March 4, 2017

One God, Three Persons



The Bible says “Faith is the assurance of things hoped for, the conviction of things not seen.” (Hebrews 11:1) This definition needs clarification. Faith is not assumption: “My hope in good weather for next week is so strong that I’m positive it will happen.” Faith is not just believing: “My uncle said he has a new car and I believe him.”

Biblical faith goes beyond the normal idea of trusting or hoping something is true. While it is based on the validity of who said it (God), it is a deep assurance, not an assumption. It is knowing something is true, sometimes without visible evidence. It is reading and hearing the testimony of reliable witnesses, but also the deep and instinctive awareness that what they say is true. While the words and the testimony may come from human witnesses, they are combined with God the Father who had His own Word recorded in history as both a man and a book, the story is punctuated by the inner voice of the Holy Spirit. As we read and hear it, He declares to our hearts that all of it is true.

“For there are three that testify . . . . And this is the testimony, that God gave us eternal life, and this life is in his Son.” (1 John 5:7-11)

Christians get a lot of flack about the trinity. How can there be both one God and three Gods? How can Jesus be God but not the same as the Father, unless there are two Gods, but the Bible says there is one God? On and on it goes.

Yet the day Jesus Christ walked into my life, I instantly knew He is God. I wasn’t trying to figure it out; I just knew, and still know it because along with Jesus came the gift of faith and trinity is a faith thing, not a rational argument. It is a deep assurance in the heart, but also a gift. My mind cannot figure it out, only I know that it is true from a deep conviction of things not seen.

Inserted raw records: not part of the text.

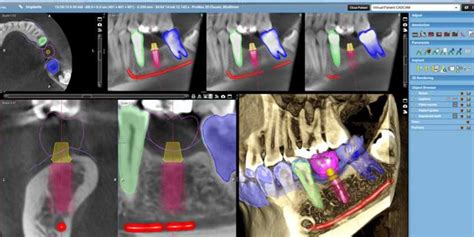 Planmeca Romexis 3d Software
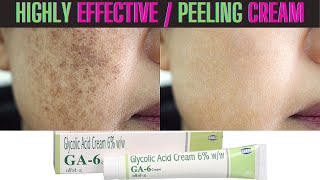 Glycolic Acid Peeling Cream  Highly Effective Result  Skin Whitening [upl. by Rizika]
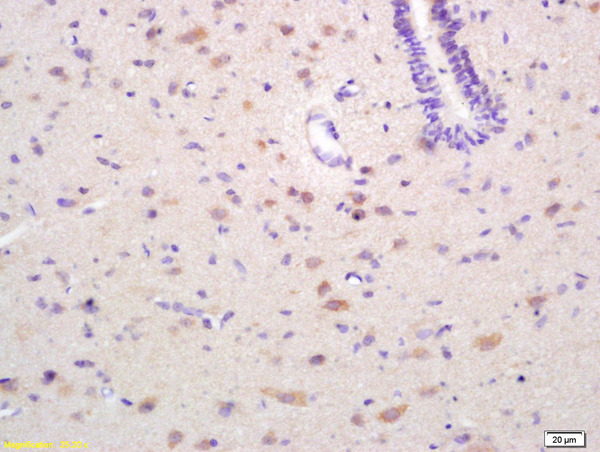 Formalin-fixed and paraffin embedded rat brain labeled with Rabbit Anti EPH receptor A4 Polyclonal Antibody, Unconjugated (bs-1764R) at 1:200 followed by conjugation to the secondary antibody and DAB staining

“For by grace you have been saved through faith. And this is not your own doing; it is the gift of God, not a result of works, so that no one may boast.” (Ephesians 2:8-9)

In the original language, this verse says: For by grace you are saved through faith and this not from yourselves, of God the gift, not from works so that no one can boast. This points to all of salvation as being a gift. Other verses say that the human heart does not, will not, and even cannot believe God. We need the enlightening power of the Holy Spirit to do that. Both grace and faith are gifts from God, both needed for a person to have a saving relationship with Jesus Christ.

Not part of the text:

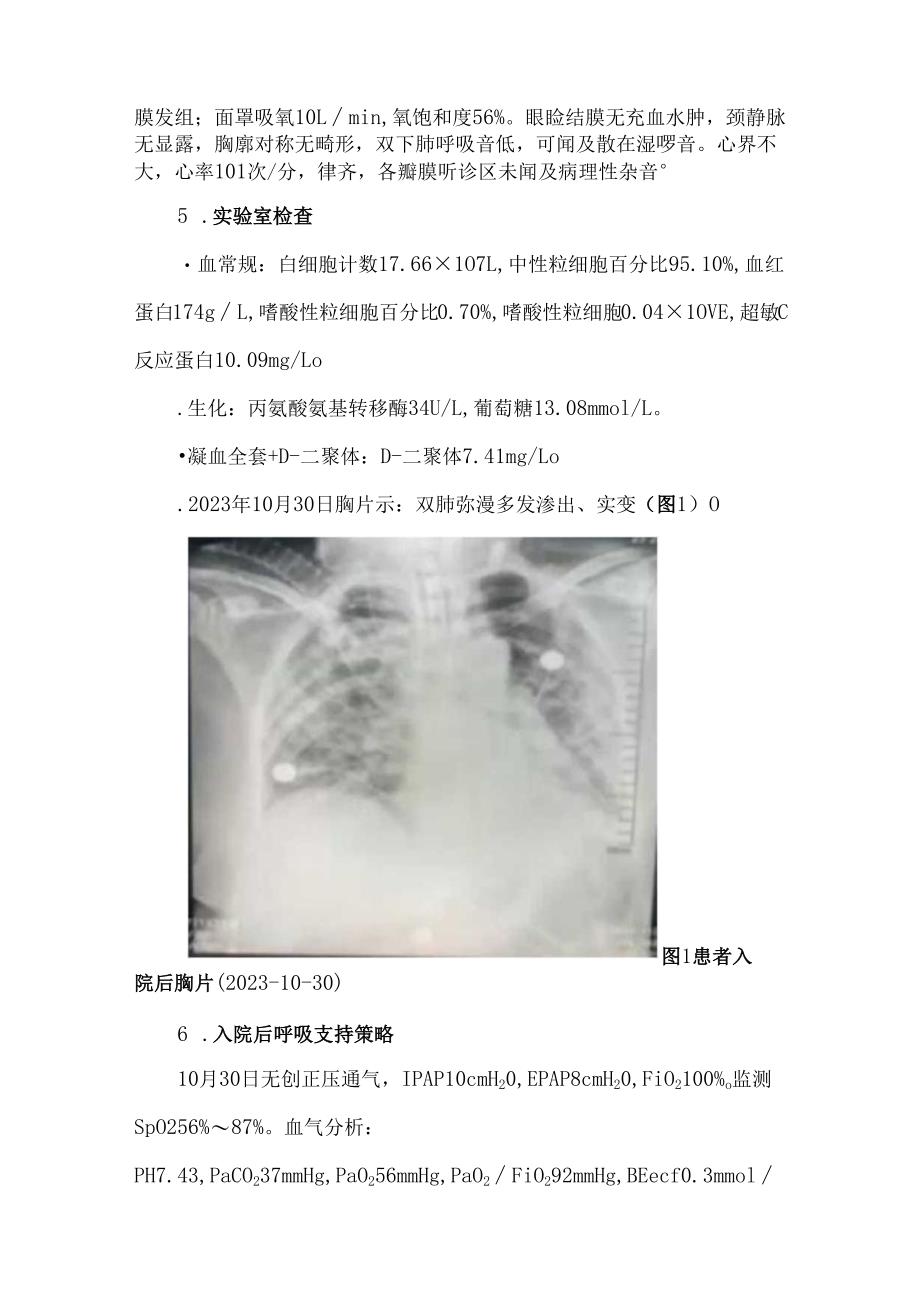 呼吸力学导向的机械通气策略在ARDS中的应用.docx_第2页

The bottom line is that the entire triune God is involved in my salvation, but also that without this amazing gift from God, I’m not able to experience grace or faith. This is why those without the saving knowledge of Jesus Christ struggle with trying to believe in the trinity or in much of anything else about salvation or about the identity of God. For goodness’ sake, even those of us who believe (because of God’s gift) cannot understand it — we just know that it is true.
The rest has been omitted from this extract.